Air Force Capt. Eric Allen, 56th Stryker BCT's document and media exploitation officer in charge, also a 732nd EIS member on a joint expeditionary tasking assignment, explained it further.
"We are the document media exploitation team here at Camp Taji," the captain, deployed from Maxwell Air Force Base, Ala., said. "What we do is support the brigade support team. We support them with intel.
"What they do is go out and conduct missions trying to find the bad guys, and they will bring back any equipment that they find with the bad guy, on their person or the place they may be living in. They bring that stuff back, which may include documents, media, or any type of communication equipment, and we exploit all of that for further intelligence value. Then, we give it back to them so they can use it for evidence to convict insurgents or use it for additional warrants and to go out and conduct additional raids."
The so-called DOMEX process of using cellular phones and other items as a means of gathering information is a fairly new procedure in Iraq.
"What we are doing right now, since Jan. 1, has really changed from the U.S. forces going out and doing any mission," Allen said. "Now, we are really working with the Iraqis through a rule-of-law process, a judiciary process, and so we are providing the evidence to support all that."

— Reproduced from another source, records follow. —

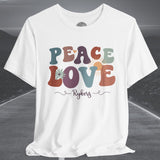 Ladies Retro Peace Love Rykers Crew Neck TShirt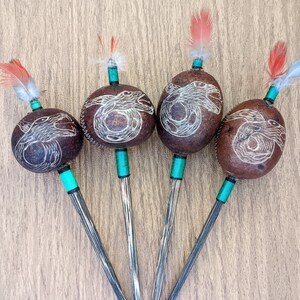 Snake Design Hand Carved Shipibo Rattle from Peru with Macaw Feathers - Choose Your Own - Shaker, Maraca, Shamanic Instruments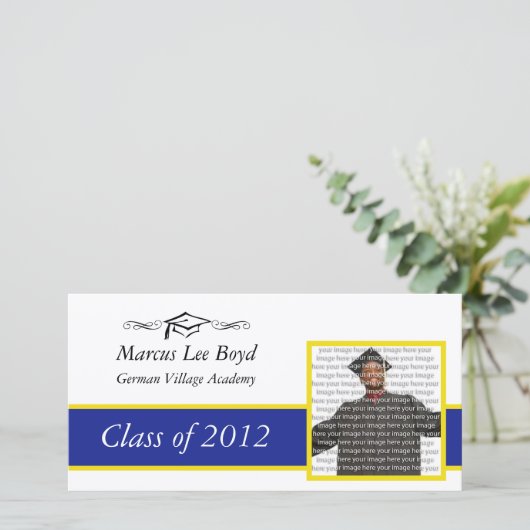 Blauwe & goudschool Afstuderen Foto aankondiging (Staand voorkant)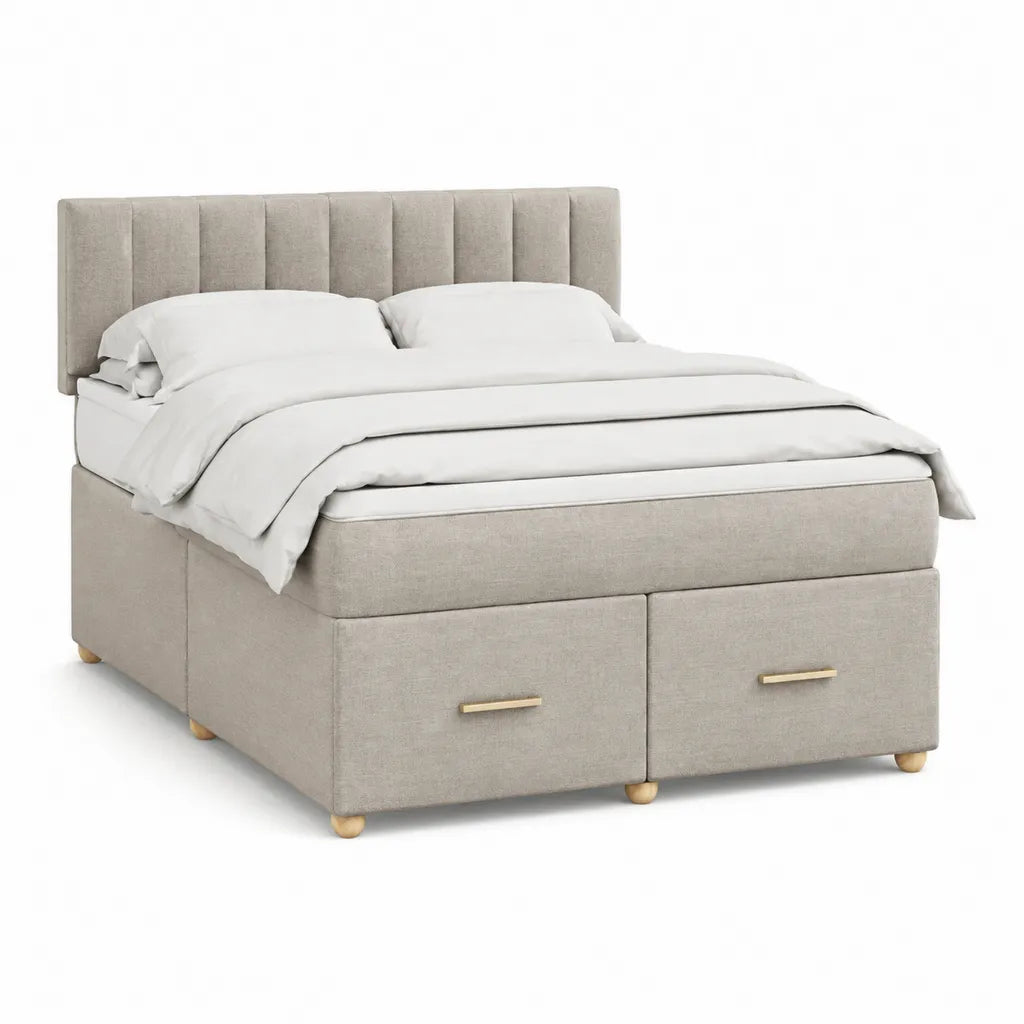 Stauraumbett Doppelbett 160 x 200 cm mit gepolstertem Kopfteil und 2 Schubladen in Beige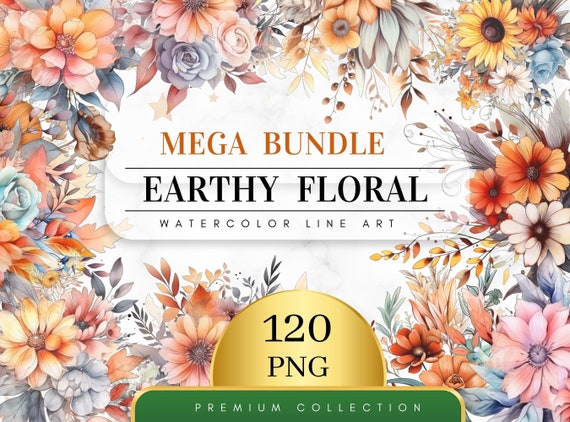 Set of 120, Watercolor Earthy Floral Line Art, Floral Clipart, Floral Print, Botanical Clipart, Floral Art Png, Wedding Clipart, Digital Png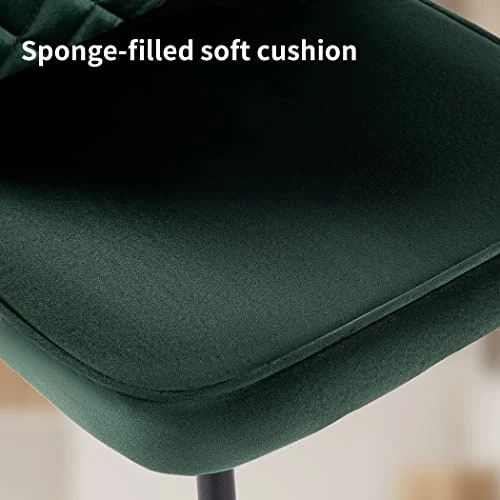 Wolmics Velvet Dining Chairs Set Of 2, Accent Chair Living Room Chairs Upholstered Side Chair With Metal Legs Desk Chair For Dining Room Kitchen Vanity Patio, Green 9 Wolmics Velvet Dining Chairs Set Of 2, Accent Chair Living Room Chairs Upholstered Side Chair With Metal Legs Desk Chair For Dining Room Kitchen Vanity Patio, Green - Image 7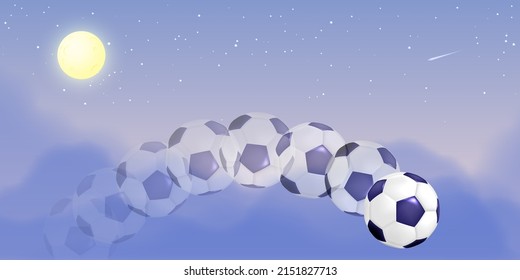Soccer ball or football ball with beautiful  background. 3d Style vector Ball illustrator background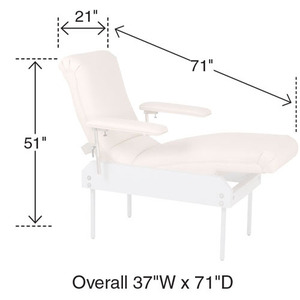 lot 29 image: MSRP $1600 Custom Comfort Medtek Free Standing Blood Donor Phlebotomy Chair Tilt Back Bed - Great Condition Would Also Make A Great Ink Bed - Light Wear Inside Arms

The goal, he said, is to provide the Iraqis with a process they can use when the time comes for them to be on their own, the captain said. "Right now, we are working together with them," he added.
Kosky said he and Moersch are an example of how the DOMEX team and the servicemembers outside the wire make the process work.
"Generally what's supposed to happen, is we'll gather the information from people, or if we find a weapons cache, we'll turn it in and [Moersch] gets it," Kosky explained. "Then he ends up turning it into information that he can give back to us, so that we can find more weapons and actually find the bad guys who planted [the weapons cache]. Indirectly, basically, we work together in order to catch the bad guy."
Kosky said he also is able to gather information from local residents to help the Iraqi judiciary process in convicting criminals.
"If [local people] know that someone is planting [improvised explosive devices] and they can get hurt with the aftermath just as much as we can," Kosky said. "They come up to us gladly and tell us, 'Hey, this person is doing this,' and we can go out and get them. Then we bring that stuff back to the intel guys. It's a big circle."
Moersch, deployed from Elmendorf Air Force Base, Alaska, said he hopes he can find something that may potentially save Kosky's life outside the wire.
"If I could do that, it would be incredibly wonderful," Moersch said. "I just want to help him out as much as I can. We are here together in Taji. I'm doing intel, [and] he's out doing the infantry thing. It's the classic case of I got his back, he's off fighting the war, and I'm going to help him do that.
"It's just coincidence we are here together," he continued. "It's been incredible for morale. I couldn't ask for more. I hope we can catch some bad guys together and make some great stories for later."
(Air Force Staff Sgt. Dilia Ayala serves with the 332nd Air Expeditionary Wing.)